_What you should do_
Could you print all the entries exactly?

(Records from a data collection)

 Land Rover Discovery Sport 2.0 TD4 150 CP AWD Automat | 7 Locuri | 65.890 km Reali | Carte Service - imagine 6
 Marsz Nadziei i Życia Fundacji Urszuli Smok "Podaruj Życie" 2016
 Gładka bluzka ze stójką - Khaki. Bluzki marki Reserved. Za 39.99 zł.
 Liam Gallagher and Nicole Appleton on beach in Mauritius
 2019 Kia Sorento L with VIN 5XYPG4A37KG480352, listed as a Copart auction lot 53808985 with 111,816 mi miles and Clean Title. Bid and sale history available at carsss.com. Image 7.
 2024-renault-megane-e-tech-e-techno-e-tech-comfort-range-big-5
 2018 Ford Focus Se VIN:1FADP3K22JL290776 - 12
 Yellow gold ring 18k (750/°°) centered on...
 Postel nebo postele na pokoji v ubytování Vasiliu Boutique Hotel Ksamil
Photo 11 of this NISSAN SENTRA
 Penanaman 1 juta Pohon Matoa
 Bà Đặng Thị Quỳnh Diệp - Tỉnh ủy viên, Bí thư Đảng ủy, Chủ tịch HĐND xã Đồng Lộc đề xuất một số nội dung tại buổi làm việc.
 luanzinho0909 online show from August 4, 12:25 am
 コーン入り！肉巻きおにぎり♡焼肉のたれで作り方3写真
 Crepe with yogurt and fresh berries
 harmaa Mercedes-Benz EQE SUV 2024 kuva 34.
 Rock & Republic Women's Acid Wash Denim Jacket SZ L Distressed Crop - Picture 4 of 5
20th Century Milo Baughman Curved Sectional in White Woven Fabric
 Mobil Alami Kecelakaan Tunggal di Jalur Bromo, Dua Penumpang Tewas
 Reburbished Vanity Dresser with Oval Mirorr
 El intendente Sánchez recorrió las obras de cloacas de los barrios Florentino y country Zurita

_Reply to the task_
 Land Rover Discovery Sport 2.0 TD4 150 CP AWD Automat | 7 Locuri | 65.890 km Reali | Carte Service - imagine 6
 Marsz Nadziei i Życia Fundacji Urszuli Smok "Podaruj Życie" 2016
 Gładka bluzka ze stójką - Khaki. Bluzki marki Reserved. Za 39.99 zł.
 Liam Gallagher and Nicole Appleton on beach in Mauritius
 2019 Kia Sorento L with VIN 5XYPG4A37KG480352, listed as a Copart auction lot 53808985 with 111,816 mi miles and Clean Title. Bid and sale history available at carsss.com. Image 7.
 2024-renault-megane-e-tech-e-techno-e-tech-comfort-range-big-5
 2018 Ford Focus Se VIN:1FADP3K22JL290776 - 12
 Yellow gold ring 18k (750/°°) centered on...
 Postel nebo postele na pokoji v ubytování Vasiliu Boutique Hotel Ksamil
Photo 11 of this NISSAN SENTRA
 Penanaman 1 juta Pohon Matoa
 Bà Đặng Thị Quỳnh Diệp - Tỉnh ủy viên, Bí thư Đảng ủy, Chủ tịch HĐND xã Đồng Lộc đề xuất một số nội dung tại buổi làm việc.
 luanzinho0909 online show from August 4, 12:25 am
 コーン入り！肉巻きおにぎり♡焼肉のたれで作り方3写真
 Crepe with yogurt and fresh berries
 harmaa Mercedes-Benz EQE SUV 2024 kuva 34.
 Rock & Republic Women's Acid Wash Denim Jacket SZ L Distressed Crop - Picture 4 of 5
20th Century Milo Baughman Curved Sectional in White Woven Fabric
 Mobil Alami Kecelakaan Tunggal di Jalur Bromo, Dua Penumpang Tewas
 Reburbished Vanity Dresser with Oval Mirorr
 El intendente Sánchez recorrió las obras de cloacas de los barrios Florentino y country Zurita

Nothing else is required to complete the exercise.